I am not fluent in assembly, can you confirm that this solution is optimized to the point there is no unnecessary loop? If so, I'll mark it as the accepted answer
All of the jumps are forward jumps (jump instructions begin with a j, like jne or jmp, and are followed by the destination label to jump to). Since there are no backwards jumps, there are no loops at all.
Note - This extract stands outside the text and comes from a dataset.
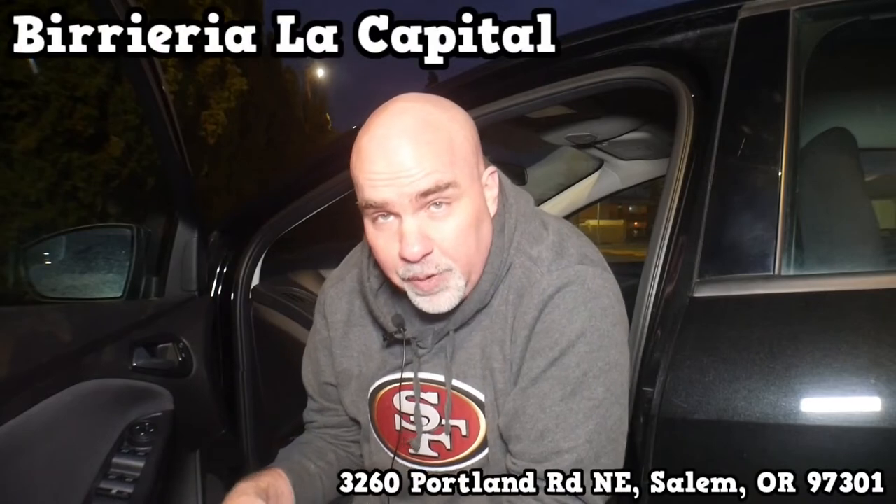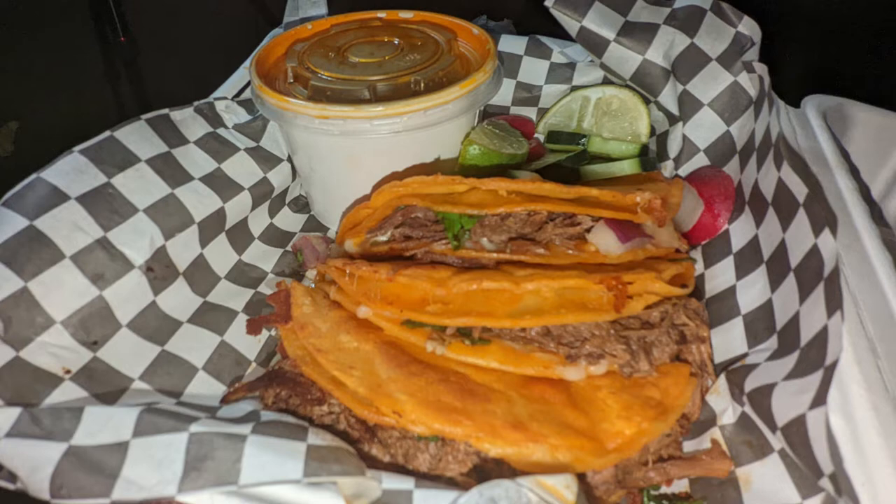Episode two brings us to Birria La Capital. Now if you look in here you can see something we haven't experienced yet — birria tacos oftentimes come with a consommé. I'll put on the screen what the consommé is and what it's used for. My understanding is you dip the taco in the consommé, but we're not doing that for this series because we want it to be fair. We don't want to hide anything in the taco and mask it with the consommé.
Then that length restriction from the NonZeroU16 means that it doesn't need to worry about n: 0 (where it can't call alloc at all) nor things like n: usize::MAX (where the calculations overflow), and thus it ends up as just
demo:
push r14
push rbx
push rax
movzx ebx, di
lea r14d, [4*rbx]
mov rax, qword ptr [rip + __rust_no_alloc_shim_is_unstable@GOTPCREL]
movzx eax, byte ptr [rax]
mov esi, 4
mov rdi, r14
call qword ptr [rip + __rust_alloc@GOTPCREL]
test rax, rax
je .LBB0_2 ; <-- the only branch
mov rdx, rbx
add rsp, 8
pop rbx
pop r14
ret
.LBB0_2:
mov edi, 4
mov rsi, r14
call qword ptr [rip + alloc::raw_vec::handle_error::h60079937aa96c3ee@GOTPCREL]
where the only branch is checking whether the allocation failed -- definitely no loops.